Hunger is one of those tragic subjects that people tend to associate with famine in the Third World - yet hunger exists right in the United States. Shockingly, the extent of that hunger as it affects children is far greater than previously realized.

A three-year nationwide study indicates that 5.5 million children under age 12 - about one in eight - know firsthand the meaning of hunger. Another 6 million are at risk because of their family situation and poverty.Those figures are unacceptable in a modern industrial nation considered one of the world's wealthiest. There will always be pockets of poverty in almost any nation, but this is one country where poverty should not automatically mean hunger, particularly not for children.

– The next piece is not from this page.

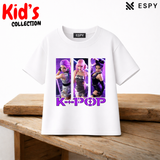 Girls Relaxed Fit Drop Shoulder Tee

The figures were gathered by the Food Research and Action Center - a nutrition advocacy organization. Surveys and interviews were done in urban areas of Connecticut, Michigan, Minnesota and New York and rural areas in Alabama, California and Florida and the figures were then projected over all states, based on state populations.

When extrapolated to Utah, the statistics indicate that about 11 percent of the state's under-12 population suffer from some degree of hunger. This is a little less than the national average, but still represents more than 51,000 Utah children.

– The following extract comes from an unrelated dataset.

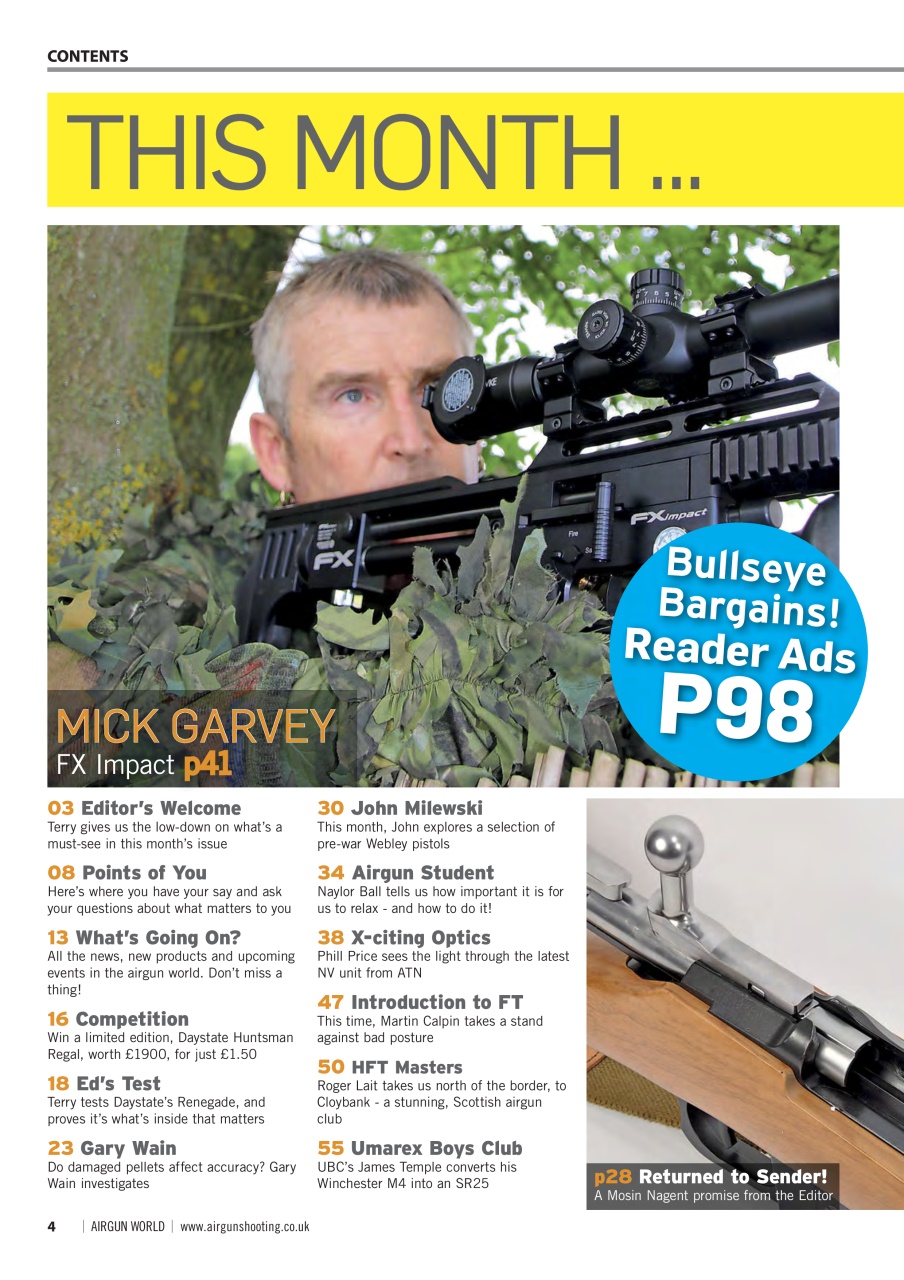 Airgun World Preview Pages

While some may dispute the accuracy of the count, the study does seem to provide at least a credible rough estimate of the hunger problem. What it says is that millions of children are hungry in America.

Hungry children are in families with incomes 25 percent below the poverty line. While such families spent an average of one-third of their income on food, that amounted to only 68 cents per person per meal. The biggest portion of income went for shelter - up to 60 percent for the poorest families.

It's not that hungry American children are being starved, but their family income stretches only so far. Parents usually skip meals first, but children will frequently miss meals and diets tend to be skimpy and repetitive.

As a result of poor diet and intermittent hunger, young victims are more likely to be tired, irritable, unable to concentrate, and suffer headaches and weight loss. They are absent from school twice as much as other children. The damage to learning can affect the youngsters the rest of their lives.

The good news is that eliminating hunger would not require vast new programs. Most programs already in place could handle the problem if they had more resources and were accessible to more families.

These steps include improving benefits and access to food stamp programs; ensuring that all eligible, low-income women receive assistance through WIC, the Special Supplemental Food Program for Women, Infants and Children; increasing the availability of the school breakfast program and bolstering the school lunch program; and expanding the availability of existing meals for low-income children not in school.

A single B-2 bomber is more expensive than some of the food programs for children. What is needed is national commitment, a determination not to allow children to go hungry.

In response to the study, a coalition of anti-hunger groups, businesses and congressional leaders are starting a national campaign to end childhood hunger. The Kraft General Foods Foundation is providing $750,000 to start the campaign. At least five bills have been introduced in Congress to deal with problems raised in the study.

Even if it takes more taxes, the elimination of hunger among its children is one challenge that should find everyone on the same side.